However, after speaking to more seasoned photographers, I eventually got to the point of, "if that person gives you what you want, why are you asking me?"
Most importantly, I began to learn that if someone needs something faster, there is a cost. And that cost isn’t just a rush fee… it’s the cost of saying no to something important in
your life (family time, spiritual rest, other projects, still building our business) in order to say yes to their needs. And if they’re not okay with that? That’s fine. They’re just not the right fit at that moment.
The kick in the head, and that part that trips most of us up? We have to be okay with them walking away. Because what’s
never worth it is giving up our peace of mind, burning out, or chipping away at the thing we built with love.

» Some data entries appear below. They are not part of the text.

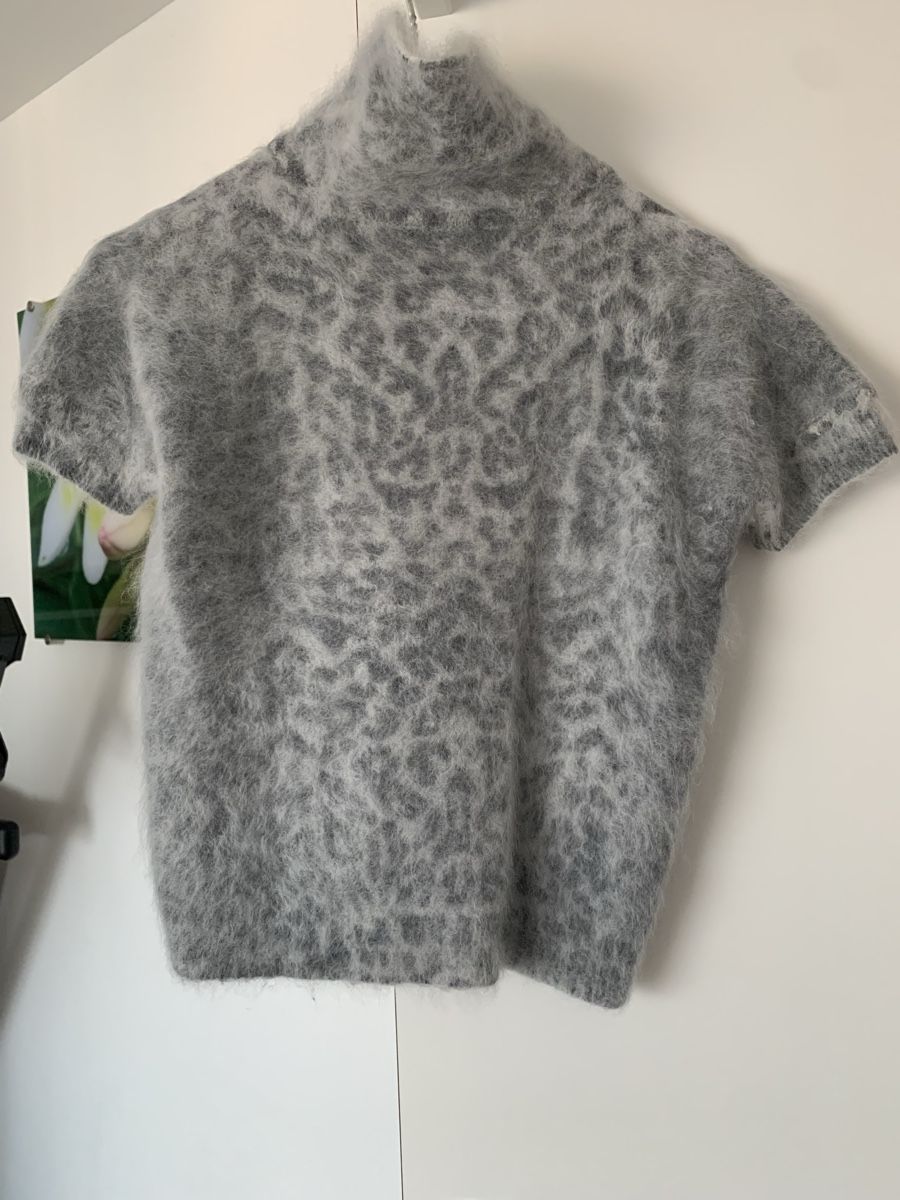 Maglioni & Felpe: VALENTINO Angora Set Cardigan + Pullover Grau Leo, S – Usato da Affoltern am Albis venduto da Monica32 3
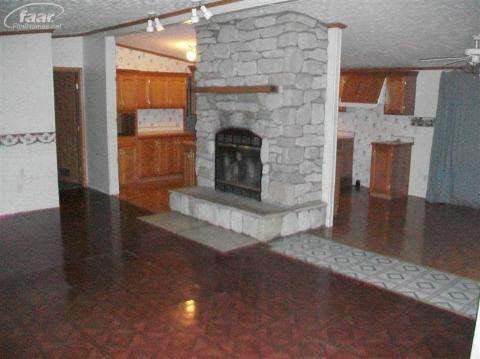 3338 Wentworth Road Flint, MI 48506 - Photo 4 of 16 20144707-3.JPG
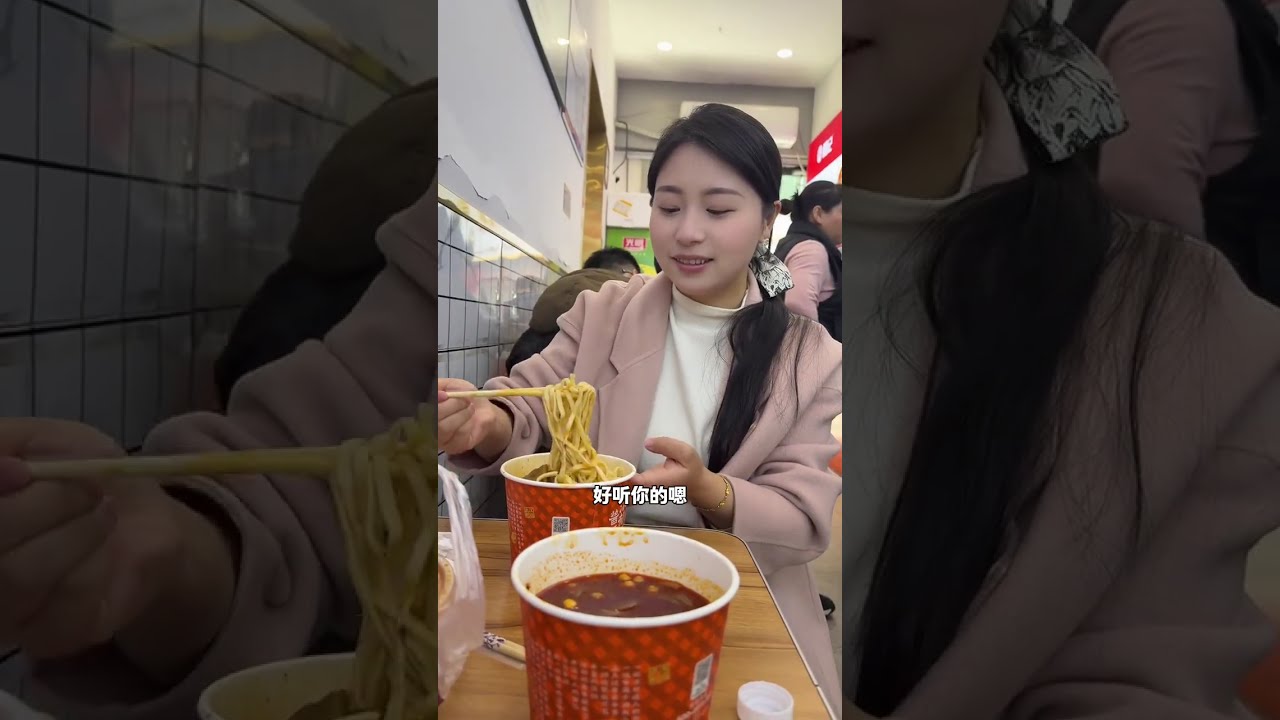 这还是第一次跟他出去过节日，带我去了好远的地方赶集，他说平时都是我去集市上卖东西，这次也好好放松下，感受下热闹。#买年货 #我的乡村生活 #谈恋爱 #记录真实生活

When an agreement honors us—when someone values our process, respects the boundaries, and doesn’t try to discount our works worth... something shifts. We now want to go, or don't mind going the extra mile. I’ve stayed hours later, added unexpected deliverables, and poured more heart into the work. Not because I had to, but because I felt just as valued by the client, as I valued them, and we were both in mutual agreement, of our agreement.
As creative entrepreneurs, how we feel
actually matters throughout the process. We often hear from people in other industries that “it doesn’t matter how you feel.” Well, yeah, maybe for them... 2 + 2 is always 4 no matter how you feel. But in creative work? 2 +
feeling undervalued doesn’t always equal great art. It might not equal anything at all.